_TASK DIRECTIONS_
Set the images aside and retype the whole listing exactly.

_DATA_
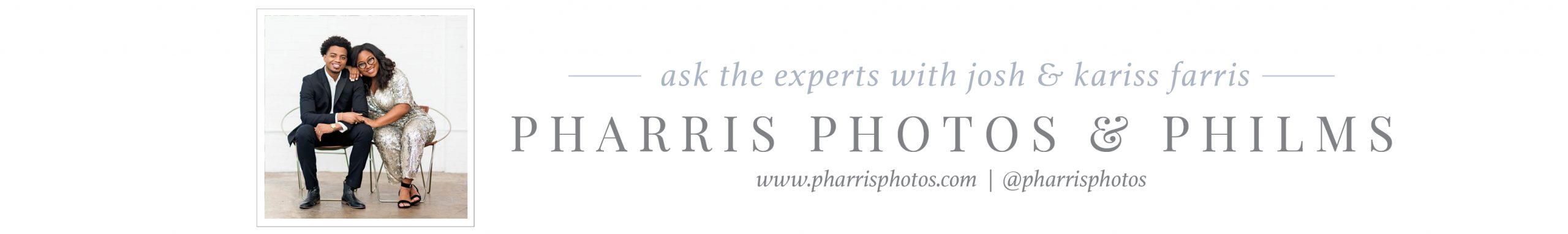 pharris photography videography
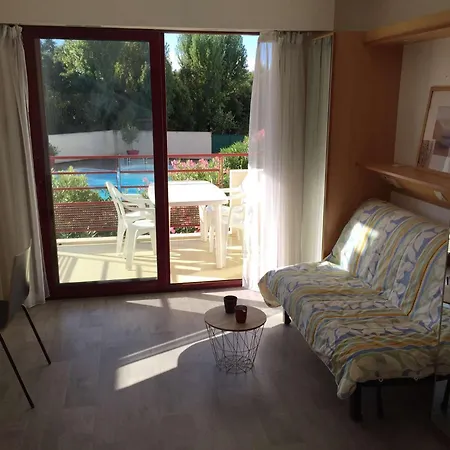 Appt - Lr010-111 Apartment La Rochelle (Charente-Maritime)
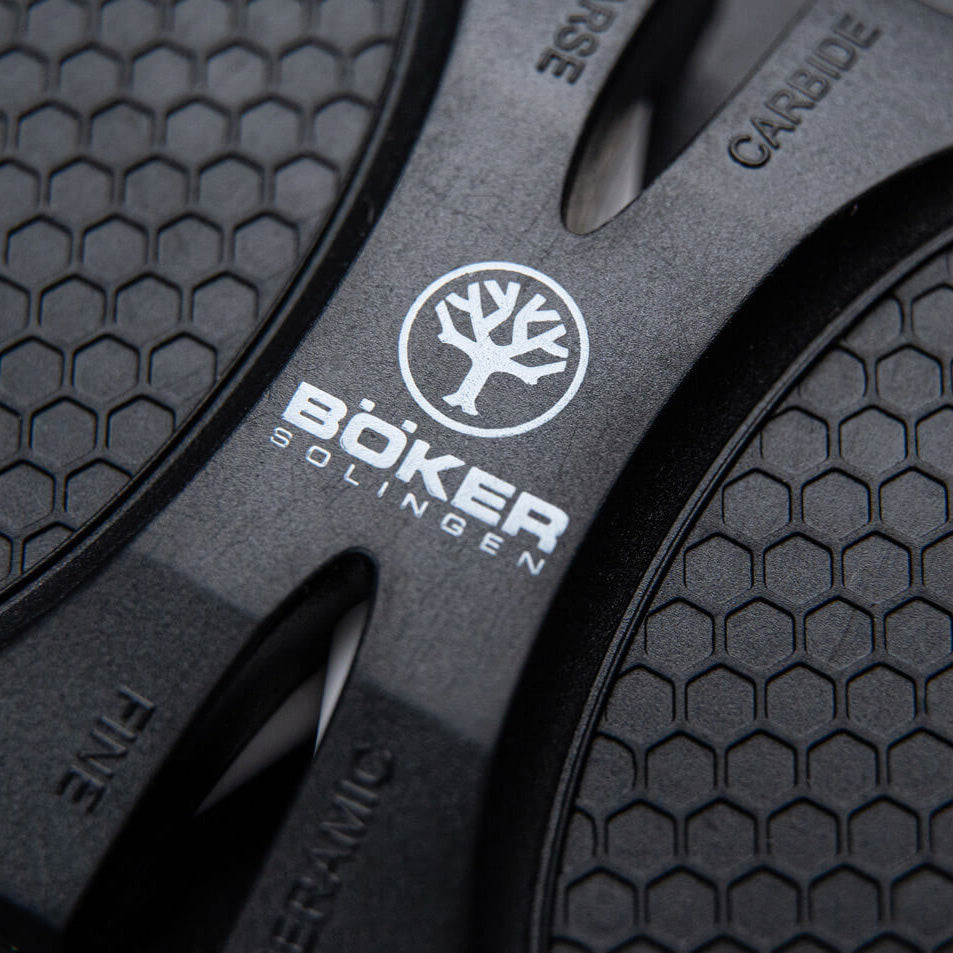 Böker Germany Pocket Sharpener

_EXERCISE RESPONSE_
 pharris photography videography
 Appt - Lr010-111 Apartment La Rochelle (Charente-Maritime)
 Böker Germany Pocket Sharpener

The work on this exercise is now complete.